More easing seen as China factory survey disappoints
China’s manufacturing sector contracted at its sharpest pace in nine months in August, according to a survey showing falling export orders and rising inventories, a signal that more policy stimulus may be needed to engineer a second half pick-up in growth.
As calls grew louder from analysts and investors for further measures from Beijing to support the economy, China’s central bank today completed its largest weekly injection of funds into the financial system in seven months – a move traders saw as a substitute for a cut in banks’ required reserve ratio.
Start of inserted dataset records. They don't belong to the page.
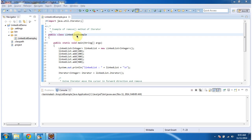Hi, in this video tutorial I will cover using iterator, how to remove elements from the link list.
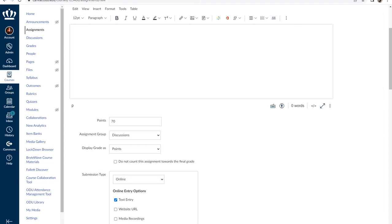For formal assignments where students upload or attach submissions through Canvas assignments, you have the option to make the assignment grade not count toward the final course grade by selecting a box within the assignment options.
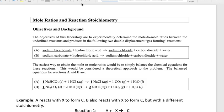Hi everyone. We're going to discuss the mole ratios and reactions stoichiometry lab, and this is going to talk a little bit about the background here. The lab is about trying to figure out the stoichiometry between the reactants and products in these two reactions.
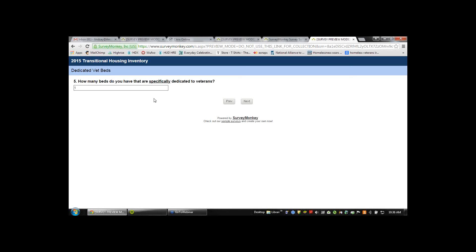After this webinar, we'll record some very short webinars to put up that will quickly show someone how to go through the survey, or we'll take a portion of this recording and put that up.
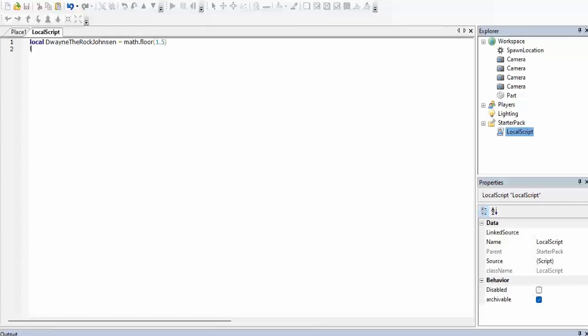So now we're going to do math.round with parentheses, and then we're going to do 1.2 — so this is going to return 1 again because it's the closest non-decimal number. But if we put 1.9 or 1.8, anything past 1.5, it's going to be 2 because that's the closest non-decimal.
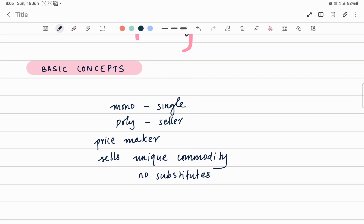An example of monopoly is Indian Railways, where the price is fixed and there are no competitors in that field. Similarly, the generation and distribution of electricity is under the control of a board or industry, such as KCB, where products and services are entirely controlled by that board.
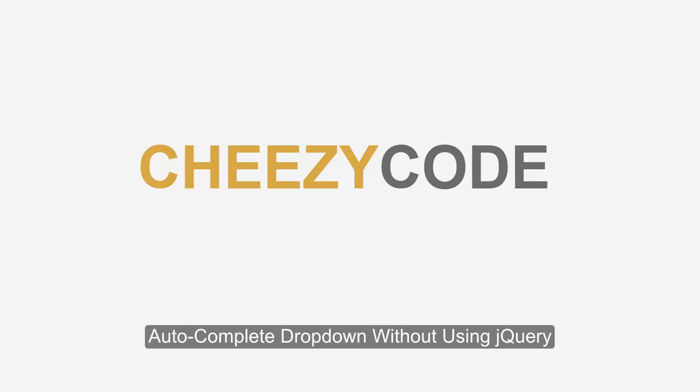Welcome to cheesycode.com. Today we're going to learn how to make a simple autocomplete without using jQuery. We will be using just plain HTML. We'll be using a very specific HTML5 tag called datalist, and we will be using it to bind data.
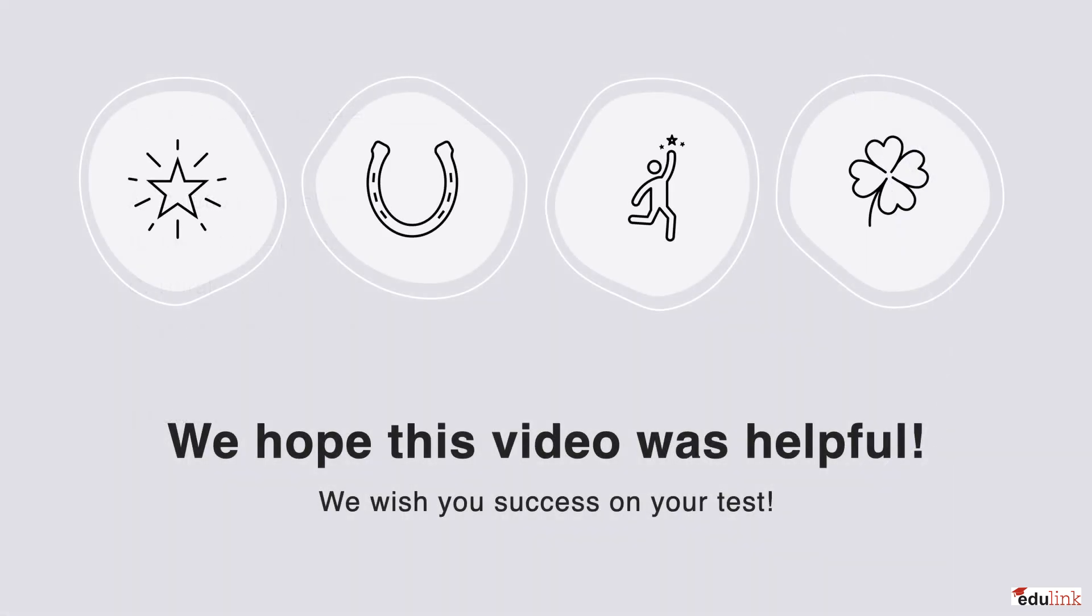We hope that this video was helpful, and we wish you tons of success on your test.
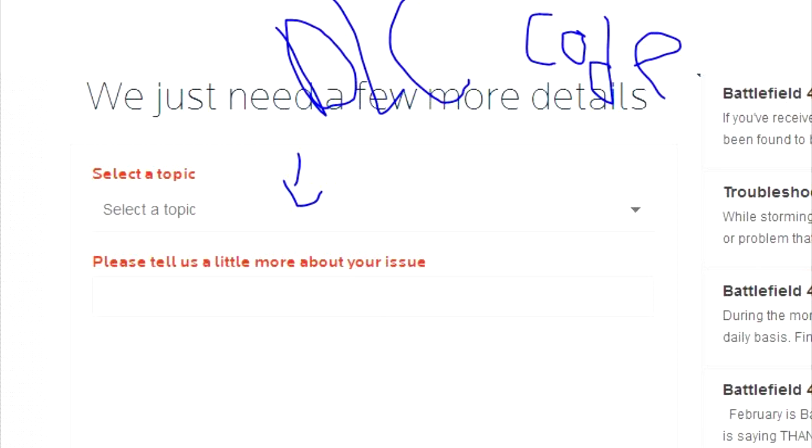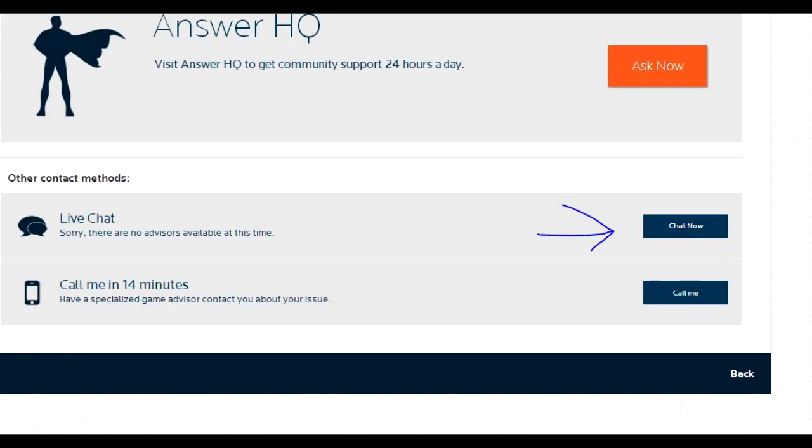Then you want to go to next. It'll load and then you want to select live chat, chat now. Then you'll get into a conversation with a representative.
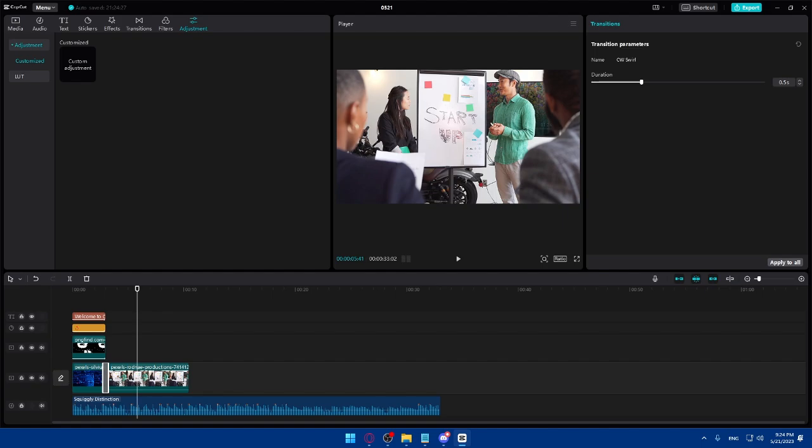If you've reached this point, congratulations — you've learned how to create a captivating YouTube intro using CapCut in 2023. CapCut's powerful editing features, customizable templates, and intuitive interface make it a great choice for content creators. Remember, your intro sets the tone for your videos and leaves a lasting impression on your viewers, so invest time in creating a unique and engaging intro that reflects your brand. If you found this tutorial helpful, don't forget to subscribe for more editing tips and tricks. Thanks for watching and happy editing — I'll see you in the next one.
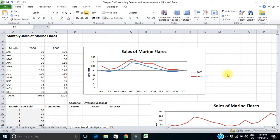This is an example of a forecasting method that includes both a trend component and a seasonal component. It's called the linear trend multiplicative method. We have data here on the monthly sales of marine flares for two years, 2008 and 2009.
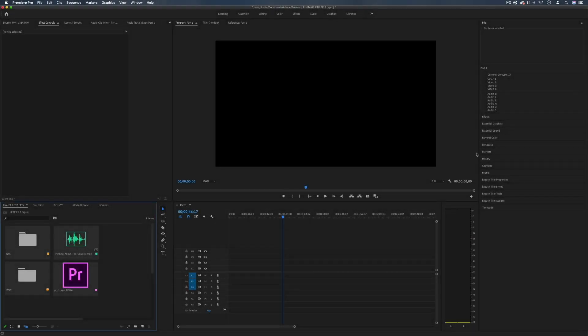Hi, my name is Justin Odisho and in this video I'm going to be giving you some tips on the basics of editing using Adobe Premiere Pro.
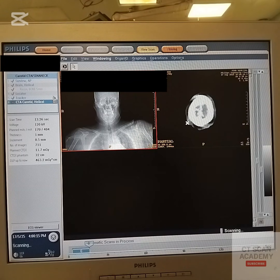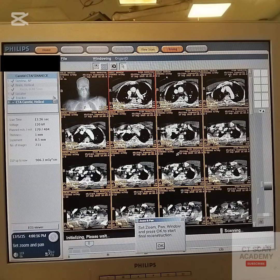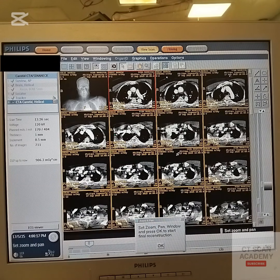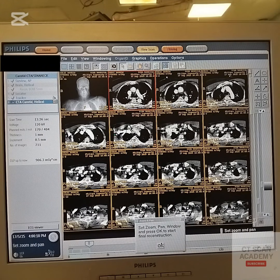After scanning, preview images appear. Adjust the field of view and image contrast if needed, then confirm to generate axial reconstructions.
The HSBC Flash China manufacturing purchasing managers index (PMI) – a preliminary read-out that provides an early peek at data for August – fell to 47.8 this month, its lowest level since November 2011 and well down from July’s final figure of 49.3.
“Inventory numbers are the highest on record. Orders to inventory are the lowest since December 2008. Foreign orders to inventory are the lowest since January 2009. It’s very hard to put a positive spin on anything within the data,” said Robert Rennie, chief currency strategist at Westpac Bank in Sydney.
“Bottom line – a very poor update with some very poor China data to come.”
Falling demand from debt-ridden Europe, China’s single biggest export market, has put the Chinese economy under pressure, with the ripples now being felt throughout eastern Asia.